Jackie Wilson “Lonely Teardrops”
(Tyran Carlo/Berry Gordy, Jr.)
Brunswick, 1959
The man who started Motown. Or rather, who gave Berry Gordy enough hits that he started Motown. But the label’s signature glossy funk hadn’t yet been developed; Wilson is, if not exactly raw, at least unvarnished, switching easily between the modified walking blues of the verses and the high-octane gospel swoop of the chorus. He was called Mr. Excitement for a reason: his voice sounds like it might burst if it stays on a note for too long, running up and down the scale and breaking into whoops and secular hallelujahs over the female chorus. Soul had arrived, indeed, and Jackie Wilson would see that it invaded the bustling, automotive Detroit in all its pomp and splendor. This song is not unlike the great orgy of classic American car design at the end of the materialistic 50s, all chrome swoops and flashy tails and incandescent lights.
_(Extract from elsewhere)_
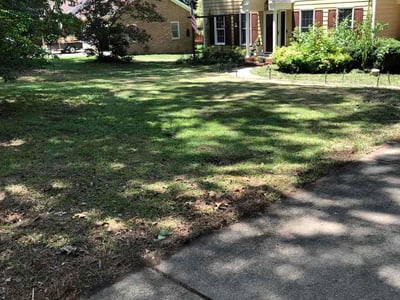 Lawn Care service in Fuquay Varina, 27526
Nina Simone “Nobody Knows You When You’re Down And Out”
(James Cox)
Colpix, 1959
Where do you file Nina Simone? Is she jazz, folk, soul, funk, singer/songwriter, what? (Well anyway, she’s not rock & roll, I hear you shout.) She’s maybe the primary reason I don’t believe in filing music. Or at least an excellent excuse. Check it: the song is an ancient vaudeville lament, given life and dignity by Bessie Smith in the year of our Lord 1929 — the year of the Depression. It was covered by jazz-blues singers like Jimmy Witherspoon, who gave it a postwar kick. Then Nina Simone got her hands on it, and turned it from a wry smile at fair-weather friendship to a growling condemnation of the slow movement of civil rights. It’s blues, but with soul. And jazz chops. See what I mean about categories? (And then, yeah, I hear some guy named Derek and his backing band played it. Whatever.)


Dion & The Belmonts “A Teenager In Love”
(Doc Pomus/Mort Shuman)
Laurie, 1959
It’s not that I wanted to point out how young and winsome and, well, beatupable the young Dion DiMucci sounds here. (But seriously, this is the tough guy that would sing about Runaround Sue and call himself the Wanderer?) And it’s not that I wanted to point out how doo-wop was being co-opted and homogenized by white — mostly Italian (you know, ethnic but not too ethnic) — groups, and watered down for the sock-hop market. It’s not even that I wanted to point out how much the lyrics encapsulate a certain self-pitying romanticism inherent in American adolescence. It’s that I wanted to point out that this was Doc Pomus’s first great song. Give it up for Doc Pomus.


The Shirelles “Dedicated To The One I Love”
(Ralph Bass/Lowman Pauling)
Scepter, 1959
The first mega-successful girl group, and the one on which all subsequent stars of the form would be patterned, they were still unknown failures in 1959, when their cover of the “5” Royales’ “Dedicated” stiffed in the charts. (An overweight teenager named Cass Elliott heard it, though, and that’s how the Mamas & Papas had one of their fluffiest pop hits. But back to the Shirelles.) Their producer, Luther Dixon, gave them the glossiest string backing regional-label money could buy, and had the song start out with one of the most thrilling cries in all of pop music. (Modern scavanger-pop artists Johnny Boy play with it to gorgeous effect in their “Johnny Boy Theme.”) But no go; it tanked, and the Shirelles wouldn’t become legends until they got a Goffin/King song and started exploiting teenage sexuality.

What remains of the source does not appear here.